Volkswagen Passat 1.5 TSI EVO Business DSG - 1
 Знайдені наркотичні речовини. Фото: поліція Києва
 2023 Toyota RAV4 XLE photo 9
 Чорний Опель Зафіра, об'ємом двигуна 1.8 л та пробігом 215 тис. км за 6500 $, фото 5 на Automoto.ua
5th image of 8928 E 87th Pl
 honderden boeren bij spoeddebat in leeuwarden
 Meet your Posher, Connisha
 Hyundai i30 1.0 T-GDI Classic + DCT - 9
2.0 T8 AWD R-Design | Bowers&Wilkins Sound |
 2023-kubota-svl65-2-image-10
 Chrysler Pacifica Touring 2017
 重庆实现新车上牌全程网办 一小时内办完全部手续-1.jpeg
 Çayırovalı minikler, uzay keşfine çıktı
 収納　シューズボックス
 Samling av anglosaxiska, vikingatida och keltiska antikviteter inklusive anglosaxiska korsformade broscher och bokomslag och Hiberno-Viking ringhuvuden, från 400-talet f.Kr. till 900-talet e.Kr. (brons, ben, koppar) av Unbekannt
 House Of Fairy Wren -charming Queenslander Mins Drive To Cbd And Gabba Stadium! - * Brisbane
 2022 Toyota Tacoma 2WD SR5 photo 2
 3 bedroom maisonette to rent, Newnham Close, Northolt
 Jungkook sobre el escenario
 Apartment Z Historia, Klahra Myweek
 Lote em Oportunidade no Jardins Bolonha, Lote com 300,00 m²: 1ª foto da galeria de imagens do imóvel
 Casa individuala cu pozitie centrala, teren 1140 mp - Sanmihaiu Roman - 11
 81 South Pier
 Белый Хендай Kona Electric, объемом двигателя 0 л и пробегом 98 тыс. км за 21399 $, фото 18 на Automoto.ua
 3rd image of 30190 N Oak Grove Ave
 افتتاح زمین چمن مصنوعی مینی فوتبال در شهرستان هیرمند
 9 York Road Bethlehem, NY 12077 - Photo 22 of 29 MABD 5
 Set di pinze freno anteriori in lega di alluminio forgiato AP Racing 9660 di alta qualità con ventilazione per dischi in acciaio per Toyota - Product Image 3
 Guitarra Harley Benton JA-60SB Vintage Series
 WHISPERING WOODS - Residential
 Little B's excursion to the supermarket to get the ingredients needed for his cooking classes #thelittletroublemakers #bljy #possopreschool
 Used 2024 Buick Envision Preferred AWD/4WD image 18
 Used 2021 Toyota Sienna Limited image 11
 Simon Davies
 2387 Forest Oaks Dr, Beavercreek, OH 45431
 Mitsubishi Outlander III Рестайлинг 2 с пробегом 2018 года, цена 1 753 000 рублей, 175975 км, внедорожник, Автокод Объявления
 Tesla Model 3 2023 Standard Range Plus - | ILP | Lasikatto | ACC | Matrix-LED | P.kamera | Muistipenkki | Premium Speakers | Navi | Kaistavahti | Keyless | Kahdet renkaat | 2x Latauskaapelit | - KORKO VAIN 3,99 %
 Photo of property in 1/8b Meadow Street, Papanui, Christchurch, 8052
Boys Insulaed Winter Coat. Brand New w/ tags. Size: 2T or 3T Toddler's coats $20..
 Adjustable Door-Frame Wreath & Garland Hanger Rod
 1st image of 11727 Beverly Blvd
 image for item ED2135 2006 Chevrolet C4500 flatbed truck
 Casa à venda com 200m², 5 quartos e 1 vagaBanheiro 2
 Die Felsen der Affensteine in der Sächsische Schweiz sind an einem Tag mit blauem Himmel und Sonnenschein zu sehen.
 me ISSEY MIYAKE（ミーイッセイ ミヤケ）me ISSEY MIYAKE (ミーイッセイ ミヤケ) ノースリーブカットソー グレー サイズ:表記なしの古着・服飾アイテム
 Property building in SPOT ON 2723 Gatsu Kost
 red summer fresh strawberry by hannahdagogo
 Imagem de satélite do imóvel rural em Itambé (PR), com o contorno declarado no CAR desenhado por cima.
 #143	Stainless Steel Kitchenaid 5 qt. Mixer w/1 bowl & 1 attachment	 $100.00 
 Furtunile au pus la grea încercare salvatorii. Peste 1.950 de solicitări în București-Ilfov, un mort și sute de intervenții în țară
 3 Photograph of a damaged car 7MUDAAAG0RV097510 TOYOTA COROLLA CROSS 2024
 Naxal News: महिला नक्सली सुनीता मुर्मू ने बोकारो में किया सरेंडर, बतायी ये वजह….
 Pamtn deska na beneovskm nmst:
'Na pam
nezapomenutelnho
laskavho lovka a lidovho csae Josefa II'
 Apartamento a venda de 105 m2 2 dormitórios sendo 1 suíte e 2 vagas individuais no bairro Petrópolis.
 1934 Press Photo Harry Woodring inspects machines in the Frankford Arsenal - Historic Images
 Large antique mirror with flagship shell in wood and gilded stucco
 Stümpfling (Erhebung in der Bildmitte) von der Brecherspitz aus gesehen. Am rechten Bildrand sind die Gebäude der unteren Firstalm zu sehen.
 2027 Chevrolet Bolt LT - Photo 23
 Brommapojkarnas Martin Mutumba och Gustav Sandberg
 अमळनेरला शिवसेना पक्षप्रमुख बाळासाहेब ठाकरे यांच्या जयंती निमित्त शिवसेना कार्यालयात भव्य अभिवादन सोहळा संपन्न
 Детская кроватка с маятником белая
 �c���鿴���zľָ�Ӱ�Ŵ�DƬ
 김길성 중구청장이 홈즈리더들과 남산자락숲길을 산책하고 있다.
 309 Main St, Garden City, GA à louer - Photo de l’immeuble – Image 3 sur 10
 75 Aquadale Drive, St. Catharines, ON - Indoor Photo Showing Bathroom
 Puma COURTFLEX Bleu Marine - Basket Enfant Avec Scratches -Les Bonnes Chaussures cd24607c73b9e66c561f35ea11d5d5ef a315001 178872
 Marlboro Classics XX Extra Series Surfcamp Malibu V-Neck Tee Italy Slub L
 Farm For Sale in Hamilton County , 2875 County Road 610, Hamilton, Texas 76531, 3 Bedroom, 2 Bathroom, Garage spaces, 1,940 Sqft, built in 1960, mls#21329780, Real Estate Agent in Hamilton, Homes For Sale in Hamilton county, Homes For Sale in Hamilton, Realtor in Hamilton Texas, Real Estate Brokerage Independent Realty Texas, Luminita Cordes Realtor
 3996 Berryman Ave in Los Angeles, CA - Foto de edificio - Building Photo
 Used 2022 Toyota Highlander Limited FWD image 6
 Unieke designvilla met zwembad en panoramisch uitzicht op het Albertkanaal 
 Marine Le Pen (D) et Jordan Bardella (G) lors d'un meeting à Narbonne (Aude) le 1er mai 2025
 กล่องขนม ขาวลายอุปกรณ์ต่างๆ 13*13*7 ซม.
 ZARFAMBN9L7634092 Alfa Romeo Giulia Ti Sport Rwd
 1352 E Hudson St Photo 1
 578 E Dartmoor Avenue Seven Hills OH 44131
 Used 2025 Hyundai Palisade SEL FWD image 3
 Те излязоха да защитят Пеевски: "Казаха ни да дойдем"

__Exercise goal__:
Of all the entries above, retype exactly the lines from the line with "Guitarra Harley Benton" to the line with "Tesla Model 3", both included, and no others.

__Exercise output__:
 Guitarra Harley Benton JA-60SB Vintage Series
 WHISPERING WOODS - Residential
 Little B's excursion to the supermarket to get the ingredients needed for his cooking classes #thelittletroublemakers #bljy #possopreschool
 Used 2024 Buick Envision Preferred AWD/4WD image 18
 Used 2021 Toyota Sienna Limited image 11
 Simon Davies
 2387 Forest Oaks Dr, Beavercreek, OH 45431
 Mitsubishi Outlander III Рестайлинг 2 с пробегом 2018 года, цена 1 753 000 рублей, 175975 км, внедорожник, Автокод Объявления
 Tesla Model 3 2023 Standard Range Plus - | ILP | Lasikatto | ACC | Matrix-LED | P.kamera | Muistipenkki | Premium Speakers | Navi | Kaistavahti | Keyless | Kahdet renkaat | 2x Latauskaapelit | - KORKO VAIN 3,99 %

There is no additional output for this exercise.